Cancer doesn’t keep Stennett down

Senator preparing for winter Legislative session

Express Staff Writer

Clint Stennett

For Idaho Senate Minority Leader Clint Stennett, 2008 was anything but routine.

Early in the legislative session last January, Stennett, a Ketchum Democrat, was diagnosed with a brain tumor and immediately underwent surgery. Only a few weeks later he returned to the Legislature and finished out the session while enduring chemotherapy and radiation treatments.

"It's definitely been a wild year, hasn't it?" he said Tuesday morning.

Nevertheless, Stennett is returning to work in Boise this winter. He is running unopposed in the November general election to reclaim his seat and said he looks forward to getting back to work.

"I'll be over there and ready to go. I'm doing fine," he said. "The MRIs have been stable, and so far everybody's pleased with how well it's going, including me."

Stennett still travels to San Francisco once a month for a clinical trial of a brain cancer treatment. He also takes orally administered chemotherapy pills five days per month.

"That one kicks my butt a bit, and it takes a few days of getting used to it, and then I'm OK," he said.

Stennett said he is ready to lead the caucus again this winter, and he added that he is excited at the prospect that Democrats could pick up as many as seven seats in the Senate this year.

"I feel very comfortable about picking some seats up in North Idaho," he said. "We've got good, solid candidates in those districts. They're out working hard and doing what they need to do to turn those districts around."

Stennett said he hopes to work on similar issues to his past efforts in Boise this winter.
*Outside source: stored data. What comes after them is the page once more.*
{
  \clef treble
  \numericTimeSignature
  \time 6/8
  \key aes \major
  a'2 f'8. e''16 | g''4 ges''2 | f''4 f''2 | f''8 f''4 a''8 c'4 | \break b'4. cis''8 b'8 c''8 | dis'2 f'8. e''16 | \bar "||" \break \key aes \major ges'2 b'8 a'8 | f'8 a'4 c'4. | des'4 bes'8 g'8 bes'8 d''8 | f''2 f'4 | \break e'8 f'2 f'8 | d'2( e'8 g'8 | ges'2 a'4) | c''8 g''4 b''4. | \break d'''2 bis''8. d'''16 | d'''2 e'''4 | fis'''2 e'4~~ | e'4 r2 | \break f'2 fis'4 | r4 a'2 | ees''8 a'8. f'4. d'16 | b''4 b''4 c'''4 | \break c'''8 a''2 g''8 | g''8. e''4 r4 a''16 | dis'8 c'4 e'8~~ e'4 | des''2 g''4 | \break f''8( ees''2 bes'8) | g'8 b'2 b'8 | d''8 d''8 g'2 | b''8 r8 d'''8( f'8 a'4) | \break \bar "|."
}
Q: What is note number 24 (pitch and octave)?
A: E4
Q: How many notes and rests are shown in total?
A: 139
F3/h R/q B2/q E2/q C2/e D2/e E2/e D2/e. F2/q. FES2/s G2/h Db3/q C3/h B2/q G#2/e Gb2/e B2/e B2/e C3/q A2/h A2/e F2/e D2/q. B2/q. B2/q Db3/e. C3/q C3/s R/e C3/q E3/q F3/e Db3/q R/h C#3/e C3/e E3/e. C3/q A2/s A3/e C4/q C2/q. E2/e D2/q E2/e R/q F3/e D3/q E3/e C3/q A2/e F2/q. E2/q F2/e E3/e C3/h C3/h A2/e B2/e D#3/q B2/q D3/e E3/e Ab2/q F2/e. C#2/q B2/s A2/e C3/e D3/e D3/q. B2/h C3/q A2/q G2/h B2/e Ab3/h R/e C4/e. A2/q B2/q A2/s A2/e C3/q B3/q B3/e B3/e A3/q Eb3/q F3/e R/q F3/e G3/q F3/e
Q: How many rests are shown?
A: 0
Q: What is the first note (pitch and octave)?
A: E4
"But hopefully I'm going to move the ball further. I really want to bring stuff out about climate change, environmental stuff and water use, things that are important to me and my constituents."

He said it is not probable, but doable, to accomplish some of Democrats' progressive agenda if more Democrats are elected.

"In order to fill out the committees a little stronger, that will make a difference in how our progressive legislation is perceived," he said.